• **RECORDS**
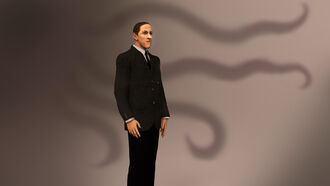 Vampires, H.P. Lovecraft & Open Lines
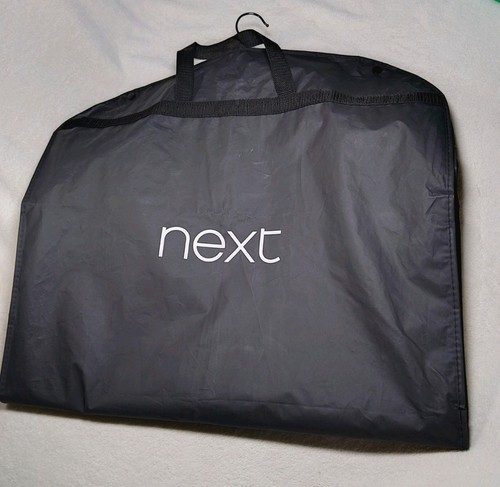 Next black zipped closure - zipped, suit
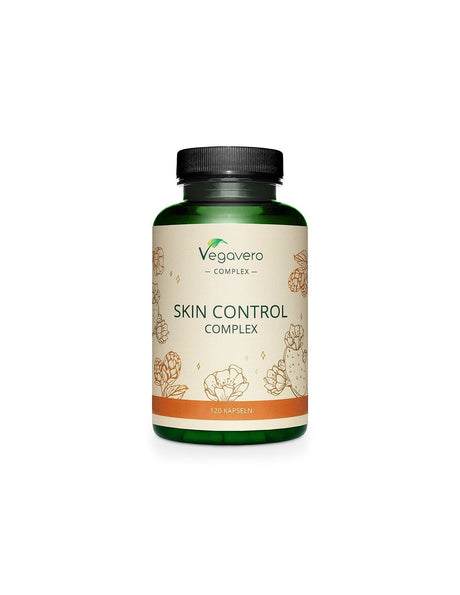 Skin Control Complex, 120 капсули - Feel You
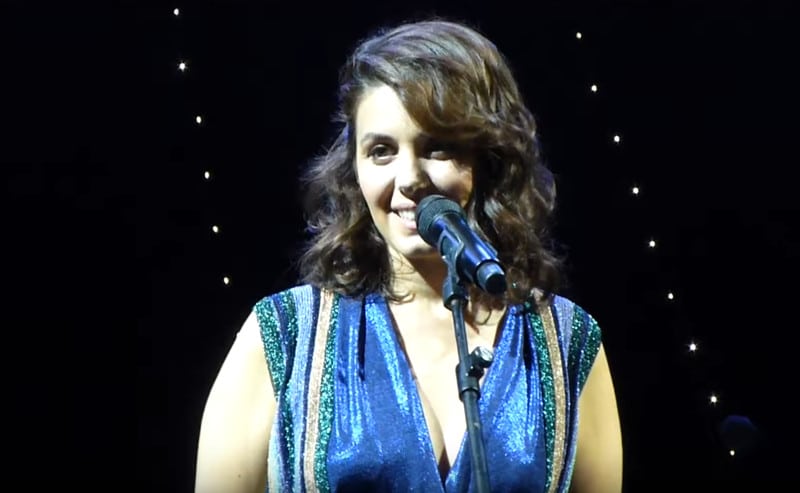 Katie Melua en concert à L’Olympia le 25 septembre 2020
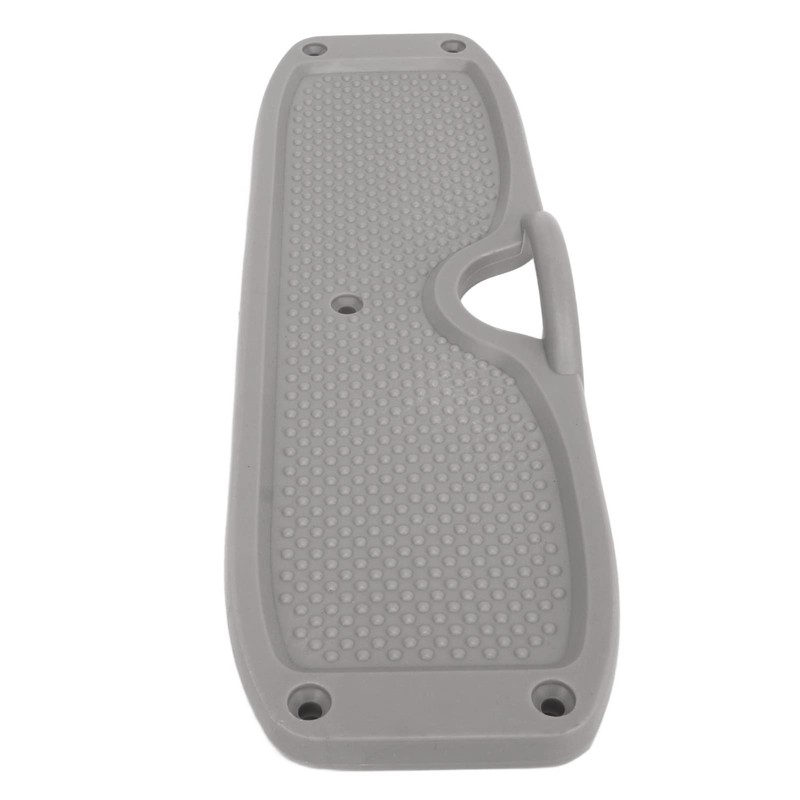 Marine Transom Support Plate, Lightweight PVC Motor Mount Transom Plate,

• **EXERCISE DESCRIPTION**
Everything in the listing above except the pictures should be duplicated exactly.

• **RESPONSE FOR THIS EXERCISE**
 Vampires, H.P. Lovecraft & Open Lines
 Next black zipped closure - zipped, suit
 Skin Control Complex, 120 капсули - Feel You
 Katie Melua en concert à L’Olympia le 25 septembre 2020
 Marine Transom Support Plate, Lightweight PVC Motor Mount Transom Plate,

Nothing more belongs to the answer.